◆ THE PROBLEM
Take the entries below and reproduce them word for word.

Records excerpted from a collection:
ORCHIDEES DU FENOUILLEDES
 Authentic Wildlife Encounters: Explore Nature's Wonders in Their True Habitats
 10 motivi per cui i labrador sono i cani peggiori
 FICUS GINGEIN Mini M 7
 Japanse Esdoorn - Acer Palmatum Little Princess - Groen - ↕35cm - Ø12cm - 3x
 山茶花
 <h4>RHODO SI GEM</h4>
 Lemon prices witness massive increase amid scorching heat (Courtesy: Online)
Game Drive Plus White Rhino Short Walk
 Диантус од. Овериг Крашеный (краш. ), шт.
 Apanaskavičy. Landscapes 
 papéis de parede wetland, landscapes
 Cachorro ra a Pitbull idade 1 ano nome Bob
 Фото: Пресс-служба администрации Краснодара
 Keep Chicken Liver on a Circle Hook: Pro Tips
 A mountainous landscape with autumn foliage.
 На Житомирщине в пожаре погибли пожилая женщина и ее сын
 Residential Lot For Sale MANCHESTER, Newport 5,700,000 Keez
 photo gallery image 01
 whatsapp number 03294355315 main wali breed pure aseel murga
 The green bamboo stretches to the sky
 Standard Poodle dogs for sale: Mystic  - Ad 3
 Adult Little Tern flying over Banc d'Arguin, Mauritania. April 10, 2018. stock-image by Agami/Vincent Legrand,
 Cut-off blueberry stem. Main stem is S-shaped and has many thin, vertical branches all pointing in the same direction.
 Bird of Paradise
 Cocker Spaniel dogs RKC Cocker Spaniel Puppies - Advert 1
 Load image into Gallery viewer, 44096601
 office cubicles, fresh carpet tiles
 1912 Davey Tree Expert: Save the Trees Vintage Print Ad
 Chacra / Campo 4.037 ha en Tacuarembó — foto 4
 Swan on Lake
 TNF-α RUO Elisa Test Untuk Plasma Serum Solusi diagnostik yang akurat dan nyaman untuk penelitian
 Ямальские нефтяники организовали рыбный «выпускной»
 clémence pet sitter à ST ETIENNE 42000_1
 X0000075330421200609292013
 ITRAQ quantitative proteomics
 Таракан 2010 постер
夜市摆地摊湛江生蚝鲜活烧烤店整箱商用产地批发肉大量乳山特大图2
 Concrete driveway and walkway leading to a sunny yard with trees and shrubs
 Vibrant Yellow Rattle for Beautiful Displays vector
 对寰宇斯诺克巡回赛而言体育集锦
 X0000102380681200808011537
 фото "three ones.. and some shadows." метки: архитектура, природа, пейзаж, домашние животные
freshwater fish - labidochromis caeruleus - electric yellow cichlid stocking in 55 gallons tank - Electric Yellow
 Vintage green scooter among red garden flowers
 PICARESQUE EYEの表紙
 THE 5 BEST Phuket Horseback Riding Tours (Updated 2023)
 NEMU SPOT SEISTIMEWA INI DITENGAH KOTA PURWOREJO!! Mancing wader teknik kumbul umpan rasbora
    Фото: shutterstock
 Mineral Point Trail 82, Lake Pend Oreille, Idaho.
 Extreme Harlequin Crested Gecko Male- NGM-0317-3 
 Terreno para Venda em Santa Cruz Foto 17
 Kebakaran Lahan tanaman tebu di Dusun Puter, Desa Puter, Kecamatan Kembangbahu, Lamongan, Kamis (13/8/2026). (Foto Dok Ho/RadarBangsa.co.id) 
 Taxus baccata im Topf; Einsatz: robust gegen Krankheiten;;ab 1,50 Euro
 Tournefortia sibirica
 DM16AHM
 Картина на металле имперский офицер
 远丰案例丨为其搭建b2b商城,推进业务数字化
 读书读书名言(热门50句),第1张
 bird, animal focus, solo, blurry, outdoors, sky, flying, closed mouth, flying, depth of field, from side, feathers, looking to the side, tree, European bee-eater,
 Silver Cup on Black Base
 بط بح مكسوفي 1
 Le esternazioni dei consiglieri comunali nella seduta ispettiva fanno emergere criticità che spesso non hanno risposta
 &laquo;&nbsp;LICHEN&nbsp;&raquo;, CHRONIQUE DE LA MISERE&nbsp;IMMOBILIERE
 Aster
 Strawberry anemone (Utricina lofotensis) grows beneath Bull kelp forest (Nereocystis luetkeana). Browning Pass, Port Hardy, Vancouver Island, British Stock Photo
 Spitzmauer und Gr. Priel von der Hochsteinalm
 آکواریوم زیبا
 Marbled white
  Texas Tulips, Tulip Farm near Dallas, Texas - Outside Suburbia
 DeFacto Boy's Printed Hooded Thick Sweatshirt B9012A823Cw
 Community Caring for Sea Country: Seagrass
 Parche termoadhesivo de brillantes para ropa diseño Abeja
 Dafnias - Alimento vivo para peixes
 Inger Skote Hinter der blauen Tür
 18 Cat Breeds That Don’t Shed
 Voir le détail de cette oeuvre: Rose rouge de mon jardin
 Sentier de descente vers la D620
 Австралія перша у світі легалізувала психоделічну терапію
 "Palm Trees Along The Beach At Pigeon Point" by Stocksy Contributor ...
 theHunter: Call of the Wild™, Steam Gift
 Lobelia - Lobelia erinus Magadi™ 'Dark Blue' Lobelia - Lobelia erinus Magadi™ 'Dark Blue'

◆ RESULT FOR THIS TASK
ORCHIDEES DU FENOUILLEDES
 Authentic Wildlife Encounters: Explore Nature's Wonders in Their True Habitats
 10 motivi per cui i labrador sono i cani peggiori
 FICUS GINGEIN Mini M 7
 Japanse Esdoorn - Acer Palmatum Little Princess - Groen - ↕35cm - Ø12cm - 3x
 山茶花
 <h4>RHODO SI GEM</h4>
 Lemon prices witness massive increase amid scorching heat (Courtesy: Online)
Game Drive Plus White Rhino Short Walk
 Диантус од. Овериг Крашеный (краш. ), шт.
 Apanaskavičy. Landscapes 
 papéis de parede wetland, landscapes
 Cachorro ra a Pitbull idade 1 ano nome Bob
 Фото: Пресс-служба администрации Краснодара
 Keep Chicken Liver on a Circle Hook: Pro Tips
 A mountainous landscape with autumn foliage.
 На Житомирщине в пожаре погибли пожилая женщина и ее сын
 Residential Lot For Sale MANCHESTER, Newport 5,700,000 Keez
 photo gallery image 01
 whatsapp number 03294355315 main wali breed pure aseel murga
 The green bamboo stretches to the sky
 Standard Poodle dogs for sale: Mystic  - Ad 3
 Adult Little Tern flying over Banc d'Arguin, Mauritania. April 10, 2018. stock-image by Agami/Vincent Legrand,
 Cut-off blueberry stem. Main stem is S-shaped and has many thin, vertical branches all pointing in the same direction.
 Bird of Paradise
 Cocker Spaniel dogs RKC Cocker Spaniel Puppies - Advert 1
 Load image into Gallery viewer, 44096601
 office cubicles, fresh carpet tiles
 1912 Davey Tree Expert: Save the Trees Vintage Print Ad
 Chacra / Campo 4.037 ha en Tacuarembó — foto 4
 Swan on Lake
 TNF-α RUO Elisa Test Untuk Plasma Serum Solusi diagnostik yang akurat dan nyaman untuk penelitian
 Ямальские нефтяники организовали рыбный «выпускной»
 clémence pet sitter à ST ETIENNE 42000_1
 X0000075330421200609292013
 ITRAQ quantitative proteomics
 Таракан 2010 постер
夜市摆地摊湛江生蚝鲜活烧烤店整箱商用产地批发肉大量乳山特大图2
 Concrete driveway and walkway leading to a sunny yard with trees and shrubs
 Vibrant Yellow Rattle for Beautiful Displays vector
 对寰宇斯诺克巡回赛而言体育集锦
 X0000102380681200808011537
 фото "three ones.. and some shadows." метки: архитектура, природа, пейзаж, домашние животные
freshwater fish - labidochromis caeruleus - electric yellow cichlid stocking in 55 gallons tank - Electric Yellow
 Vintage green scooter among red garden flowers
 PICARESQUE EYEの表紙
 THE 5 BEST Phuket Horseback Riding Tours (Updated 2023)
 NEMU SPOT SEISTIMEWA INI DITENGAH KOTA PURWOREJO!! Mancing wader teknik kumbul umpan rasbora
    Фото: shutterstock
 Mineral Point Trail 82, Lake Pend Oreille, Idaho.
 Extreme Harlequin Crested Gecko Male- NGM-0317-3 
 Terreno para Venda em Santa Cruz Foto 17
 Kebakaran Lahan tanaman tebu di Dusun Puter, Desa Puter, Kecamatan Kembangbahu, Lamongan, Kamis (13/8/2026). (Foto Dok Ho/RadarBangsa.co.id) 
 Taxus baccata im Topf; Einsatz: robust gegen Krankheiten;;ab 1,50 Euro
 Tournefortia sibirica
 DM16AHM
 Картина на металле имперский офицер
 远丰案例丨为其搭建b2b商城,推进业务数字化
 读书读书名言(热门50句),第1张
 bird, animal focus, solo, blurry, outdoors, sky, flying, closed mouth, flying, depth of field, from side, feathers, looking to the side, tree, European bee-eater,
 Silver Cup on Black Base
 بط بح مكسوفي 1
 Le esternazioni dei consiglieri comunali nella seduta ispettiva fanno emergere criticità che spesso non hanno risposta
 &laquo;&nbsp;LICHEN&nbsp;&raquo;, CHRONIQUE DE LA MISERE&nbsp;IMMOBILIERE
 Aster
 Strawberry anemone (Utricina lofotensis) grows beneath Bull kelp forest (Nereocystis luetkeana). Browning Pass, Port Hardy, Vancouver Island, British Stock Photo
 Spitzmauer und Gr. Priel von der Hochsteinalm
 آکواریوم زیبا
 Marbled white
  Texas Tulips, Tulip Farm near Dallas, Texas - Outside Suburbia
 DeFacto Boy's Printed Hooded Thick Sweatshirt B9012A823Cw
 Community Caring for Sea Country: Seagrass
 Parche termoadhesivo de brillantes para ropa diseño Abeja
 Dafnias - Alimento vivo para peixes
 Inger Skote Hinter der blauen Tür
 18 Cat Breeds That Don’t Shed
 Voir le détail de cette oeuvre: Rose rouge de mon jardin
 Sentier de descente vers la D620
 Австралія перша у світі легалізувала психоделічну терапію
 "Palm Trees Along The Beach At Pigeon Point" by Stocksy Contributor ...
 theHunter: Call of the Wild™, Steam Gift
 Lobelia - Lobelia erinus Magadi™ 'Dark Blue' Lobelia - Lobelia erinus Magadi™ 'Dark Blue'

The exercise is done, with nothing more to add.